The software, and the example Jupyter notebooks (see below) will need
to be instructed about the location of the model file(s). This is very
easy to do upon loading the model file; the notebooks have several
examples on how to accomplish this, e.g.

```
import hypercat as hc
fname = 'hypercat_20200830_all.hdf5' # use your local location to the HDF5 model file
cube = hc.ModelCube(fname,hypercube='imgdata')  # use 'imgdata' for brightness maps, and 'clddata' for 2D cloud maps
```

## Example Jupyter notebooks

Several Jupyter example notebooks demonstrate some of HYPERCAT's
functionality. The easiest way to obtain them is to clone the HYPERCAT
GitHub repository, and to run the notebooks from there.
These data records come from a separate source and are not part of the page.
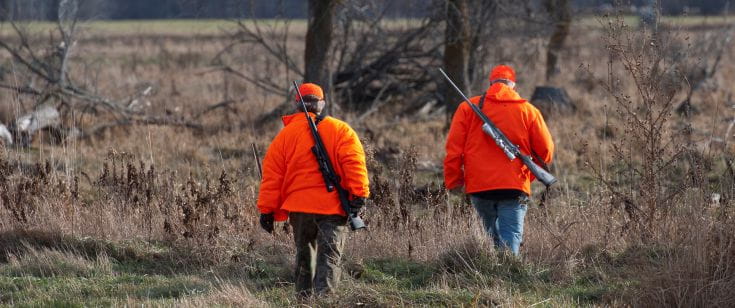 Two hunters with orange apparel on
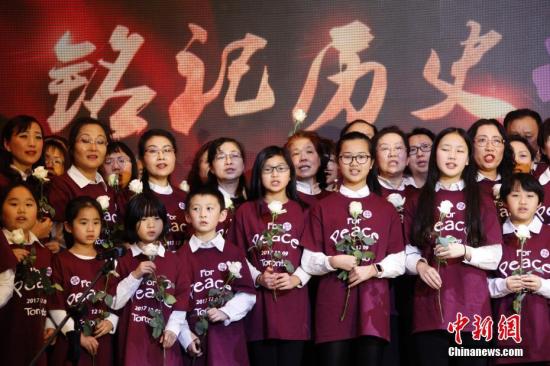 当地时间12月9日，加拿大安大略省各界华人共同举办的“南京大屠杀80周年追思会”在多伦多举行。来自华人社区及其他多个族裔社区的逾千名代表参加此次主题为“铭记历史，祈愿和平”的追思会。图为社区人士与孩子们在追思会上合唱《让世界充满爱》。 <a target='_blank' href='http://www.chinanews.com/'>中新社</a>记者 余瑞冬 摄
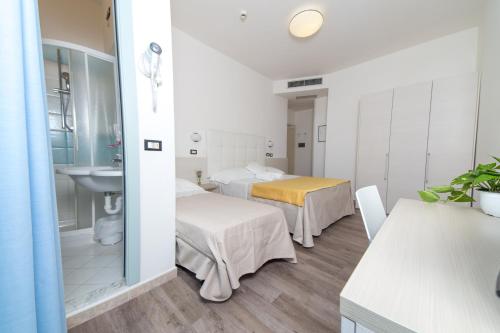 a hospital room with two beds and a sink at Hotel Elite Cattolica in Cattolica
Cloning the
repository will also download all necessary supplemental files used in
some notebooks such as, e.g., the telescope pupil images and the dust
opacity curve:

```
git clone https://github.com/rnikutta/hypercat.git  # clone the git repository
cd hypercat/examples/  # change to the directory with example notebooks
jupyter-lab ./&  # run the notebooks locally; JupyterLab must be installed
```

- [01-hypercat-basics.ipynb](https://github.com/rnikutta/hypercat/tree/master/examples/01-hypercat-basics.ipynb):
  Loading a model hypercube, generating model images, images at
  multiple wavelengths, images at multiple values of other model
  parameters, accessing cloud maps

- [02-hypercat-astro.ipynb](https://github.com/rnikutta/hypercat/tree/master/examples/02-hypercat-astro.ipynb):
  Adding physical units to images, world coordinate system, field of
  view and pixel scale operations, image rotation / position angle,
  saving to FITS files

- [03-hypercat-singledish.ipynb](https://github.com/rnikutta/hypercat/tree/master/examples/03-hypercat-singledish.ipynb):
  Telescope pupil images (JWST, Keck, GMT, TMT, ELT), simulating
  observations with single-dish telescopes, noisy observations,
  Richardson-Lucy deconvolotuion, detector pixel scale, flux
  preservation, observations at multiple wavelengths

- [04-hypercat-morphology-intro.ipynb](https://github.com/rnikutta/hypercat/tree/master/examples/05-hypercat-morphology-intro.ipynb):
  Introduction to morphological measurements (on 2D Gaussians), image
  centroid, rotation, measuring size of emission features, elongation,
  half-light radius, Gini coefficient

- [05-hypercat-morphology-clumpy.ipynb](https://github.com/rnikutta/hypercat/tree/master/examples/05-hypercat-morphology-clumpy.ipynb):
  Morphology of the HYPERCAT model images; morphological sizes,
  elongation, centroid location; compare morphologies of of emission
  and their underlying dust distributions; from 2D cloud maps to real
  cloud numbers per LOS; photon escape probability along a LOS


## User Manual

WARNING -- the User Manual is still work-in-progress:

For more detailed installation instructions and other usage examples,
please see the HYPERCAT User Manual [User Manual](./docs/manual/) (in
addition to the [example Jupyter notebooks](./examples/) )

## Contributing

Bug fixes and feature contributions to HYPERCAT are welcome. Please
make a pull request against the 'master' branch.